Все вассалы, находящиеся на службе у сёгуна или под командованием провинциальных даймё составляли огромную регулярную армию и принадлежали к одному классу – букё. Они стали известны, как буси (воины) или военные вассалы (мононофу, васарау). После 1869 года их стали называть сидзо-ку (бывшие военные), а во всём остальном мире они сохранили прежнее название. Это название перешло во многие языки и обычно переводится как «слуга» (самураки, самурай).
В древности титул «самурай» присваивался лидерам вооружённых кланов севера, а также воинам-аристократам, принадлежавшим к императорскому двору (госодзосамурай). Впоследствии этот термин (уже в видоизменённом состоянии – самурай. Более точно его можно перевести как «тот, кто служит») стал обозначать всех воинов, которые имели право носить дайсё, находились на службе у своего господина.

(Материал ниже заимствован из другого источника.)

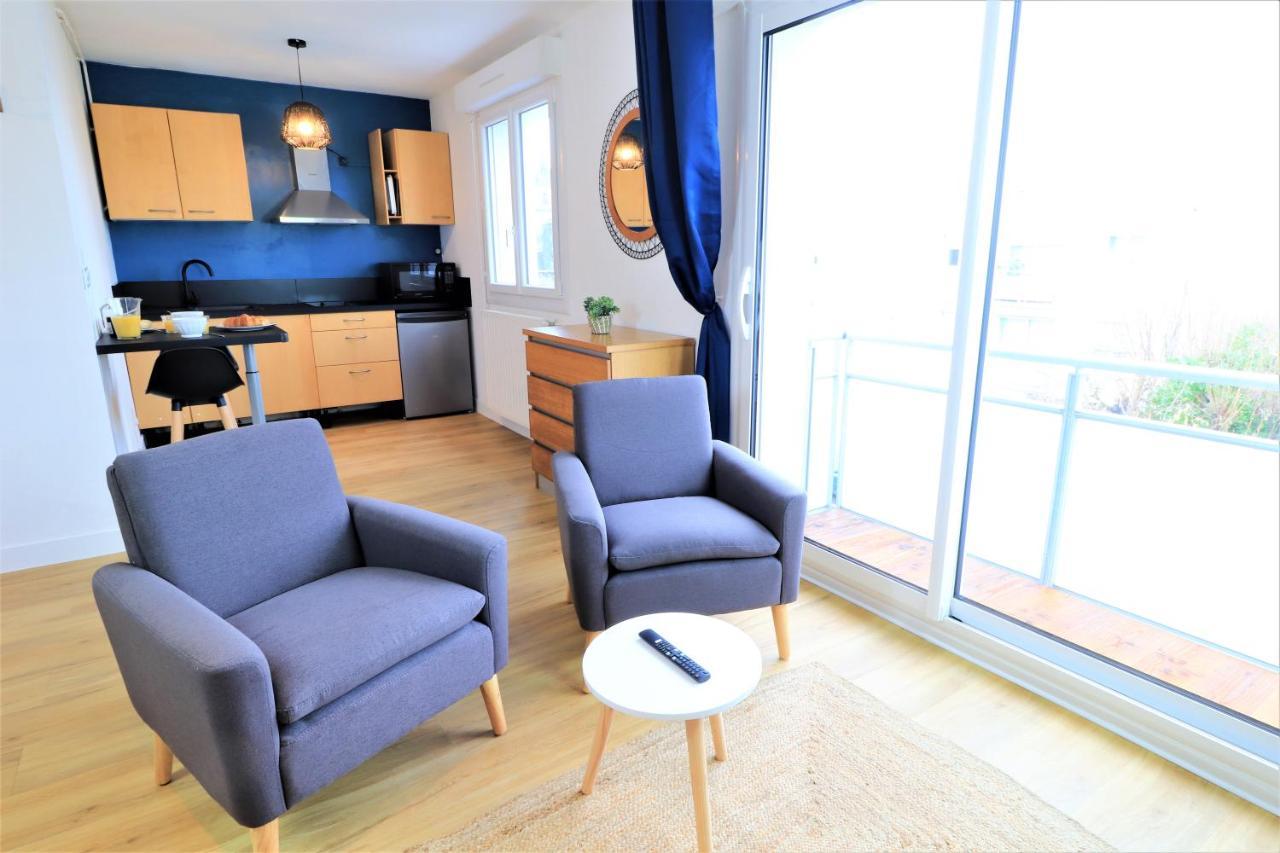 L'Ecrin Logement Tout Confort Wifi, Centre-Ville, Parking Prive Ван Екстериор снимка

Когда-то давным-давно эти воины были обычными бродягами с большой дороги, не гнушавшимися грабежом, насилием и разбоем, между которыми они собирали и тренировали новые военизированные отряды. Они угоняли скот, грабили проезжавших купцов, насиловали чужих невест, за что на них была объявлена властями своеобразная охота. Тем не менее к периоду Токугава эти сомнительные личности преобразились и стали демонстрировать те качества, которые делали их либо культовыми фигурами, либо объектами презрения и ненависти – точка зрения при этом зависела от хрониста. Самураев называли как грубыми пешками в политической борьбе, так и воплощением многочисленных добродетелей и достоинств. А по сути самураи являются примером того, что может произойти с человеком, фанатично приверженным какой-либо идее, особенно в том случае, когда выясняется, что идея является не такой уж и благородной.
Самураи беспрекословно подчинялись приказам своего господина и эта слепая преданность делала их как жертвами истории, так и героями. Значительная часть вины лежит на хозяевах самураев, т.к. именно они ответственны за промывку мозгов самураям и за злоупотребления властью букё.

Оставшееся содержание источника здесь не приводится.